Thanks for confirming. Can you share a minimal self-contained repro notebook, either publicly or just with colaboratory-team@google.com ? (it would be helpful to see precisely how you're reading the data)

Does the problem go away if you first !cp path/to/data.csv local.csv and then read from the local path?

No, It didn't work.

talhaanwarch commented 4 years ago

any one got the solution? i moved the files to subfolder. and now each subfolder has one file. still i am getting this error

peterpalos commented 4 years ago

Same problem in colab reading from gdrive >100k file

talhaanwarch commented 4 years ago

i noticed that there is some sort of limitation by google. if we access data multiple time from drive, this issue occurs. take a break of 24 hours, and this issue has gone

Nandutu commented 4 years ago

I am facing the same issue here. Any solution?

prbsh9 commented 4 years ago

Same issue.. I have 4 npy file... 2 files around 10GB and 2 around 6GB.. . ss = np.load('train_abnormal.npy') Also,.. I cant open any of those 4 files. Files with lesser size can be opened though.

JonathanSum commented 4 years ago

I have the same problem too, so I am sure this will affect colab pro too.

cpietsch commented 4 years ago

I have the same issue when copying a folder of images (around 2000 jpgs)

cpietsch commented 4 years ago

Found a fix for the error when copying a lot of files. Use: %cp -av fromfolder tofolder Works for me

kechan commented 4 years ago

It just happened to me, apparently after doing various file operations (cp, tar, etc) leading to I/O between my gdrive and local colab VM. After this, i got random python OSError and Input/Output error, sometimes even at importing a python module. At another times, my colab notebook just entirely crashed (during a read feather of >1G) and log showed nothing meaningful.

I hope this is just the case of a gdrive daily quota issue as someone mentioned. Has anyone confirm this? I will wait for a day to pass and re-try.

Chin0p commented 4 years ago

Today it happened to me as well, when trying to unrar 30gb file in colab. I'm getting input/output error. Read error in the file

chyan0411 commented 4 years ago

I also got the same error: 'OSError: [Errno 5] Input/output error' when I was trying to import a 14G-large file from gdrive. This error occurred so suddenly, cuz like several minutes ago I did the same operation and everything was alright. When I tried importing a much smaller file from the same folder, it worked normally. It seems like colab has some limits for importing large files ??? Why this issue closed??? btw, I have subscribed colab pro!!!!

Duplicate of #559

sowmen commented 4 years ago

I am also getting the Input/Output error. I downloaded a dataset from kaggle into my drive. It has 50 zip files each having 2000 images. I successfully extracted 2 zip files but then the error started. Any solutions to this?

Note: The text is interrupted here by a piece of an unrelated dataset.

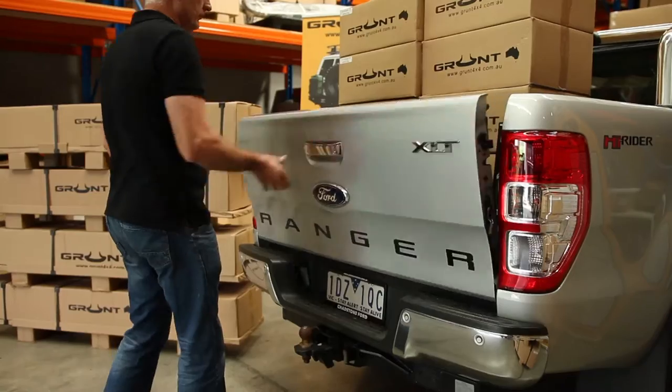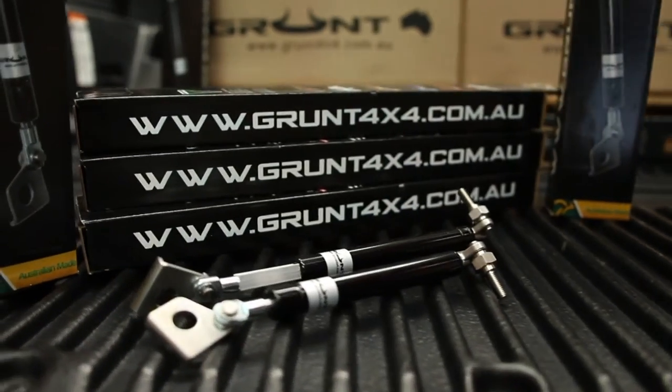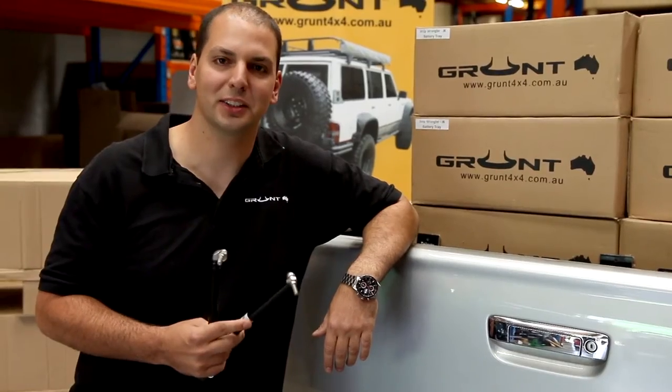Hi guys, I'm Steve from Grunt 4x4. I'm sure you guys have had this problem before. Let me introduce our Grunt 4x4 Aussie Made Slow Down Easy Up Strut System.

dipam7 commented 4 years ago

Same error, I am trying to load 194082 image files from the drive. It worked once, the first time that I extracted the data and tried to load it. It hasn't worked ever since. Even after I updated to colab pro it doesn't work. Frustrating.

dreamerriver commented 4 years ago

same as well,how can I deal with it?

shadabtughlaq commented 4 years ago

Got the same error

Could not read file
Errno 5] Input/output error: .........

Was working fine until some time back. Had loaded files from a mounted drive

kechan commented 4 years ago

For anyone having this problem with colab + gdrive, the most likely cause is excessive I/O due to large files, or merely "ls -l" on a folder with too many files. The latter case is more harmless (as long as you don't do that again, I find using glob much better behaved). The former case you most likely violate some google quota. In my experience, it is either large size (or extremely large # of small files such that the total is big) or, throughput (i.e. size/time).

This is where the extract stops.